Economically the world is okay because it is growing - just not at the pace we have grown accustomed to.  Nonetheless, GDP is still growing.  Of the 58 countries the Economist tracks, only seven experienced declining GDP in their most recent quarter.  These were mostly countries that will always have economic difficulty and are located in Africa and South America – so, no big threat.  The same can be said about falling consumer prices.

Unemployment is growing in tandem with commodity prices across some economies. However, employment growth across the globe outweighs the losses.  That is not to say that we are out of the woods yet.  With record debt levels in a global economy where jobs are shrinking, deleveraging (debt reduction) is a guarantee.  With it comes a slower economy.   
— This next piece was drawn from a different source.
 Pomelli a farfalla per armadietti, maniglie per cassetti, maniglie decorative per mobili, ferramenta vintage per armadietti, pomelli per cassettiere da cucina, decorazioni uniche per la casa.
The CRB tracks the essential ingredients of the economy.  The Baltic Dry measures the price of shipping these ingredients around the world.  Both are at all-time lows.  This means both consumer spending and business investment has contracted.  I live in North Vancouver and see the Port of Vancouver every day.  The shipping has slowed noticeably. 

CRB Index

Baltic Dry Index

The only thing that will speed up the deleveraging process is if the central banks start to reward the saver with higher interest rates, rather than accommodate the borrower with lower ones.  Let’s be honest, the average consumer is clueless when it comes to finances. If they weren’t, household debt in many economies would not be at record highs.  We can blame the lender, but at the end of the day it is the borrower that signed the dotted line.  It’s like giving my beagle, Julie, free access to food – she will pig out until she passes out.  It will be the over-leveraged who will ultimately pay the price for taking on too much debt.
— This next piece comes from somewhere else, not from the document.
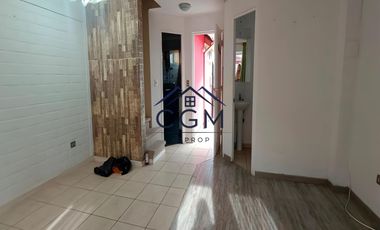 Casa De 2 Pisos Barrio Tranquilo Frente A Plaza con Juego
The over-leveraged are going to suffer no matter what interest rates do – higher ones will just get it done and over with much faster.  Consumer debt levels are so high right now that it is literally impossible for them to pay it all back.  In fact, it is reasonable to expect that 20% of consumers will soon experience some form of default whether it be a car loan, credit card, payday loan or a mortgage.  Stock markets trade on future earnings and they are telling us that the consumer is tapped.  Avoiding higher interest rates are doing nothing but slowing the inevitable. 
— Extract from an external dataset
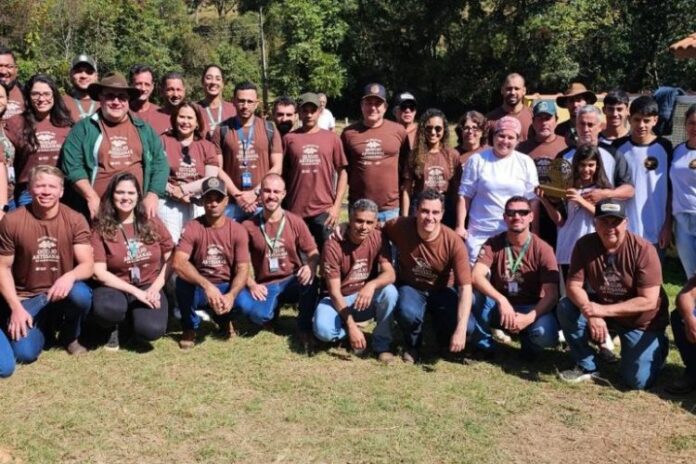 Missão técnica do Sistema Faemg Senar impulsiona queijarias do Vale do Suaçuí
So, what does one do in times like this?  First, ignore the markets when they are volatile.  There is nothing you can do about it.  So do you sit it out or convert to cash?  We are going to do both; not sell a thing and continue to allow the dividends to grow our cash holdings for future opportunities that lie ahead. This will be as soon as we see the CRB and Baltic Dry Index break their bear market.

History proves that markets bounce back within twelve months, three-quarters of the time.  This jumps to almost 90% when one has a balanced portfolio of blue-chip dividend paying shares.  Six of our recommendations have raised their dividend so far this year and we expect the majority to follow.  Sacola’s buy-and-hold philosophy has not changed one bit – it’s just far more fun when the markets are rising.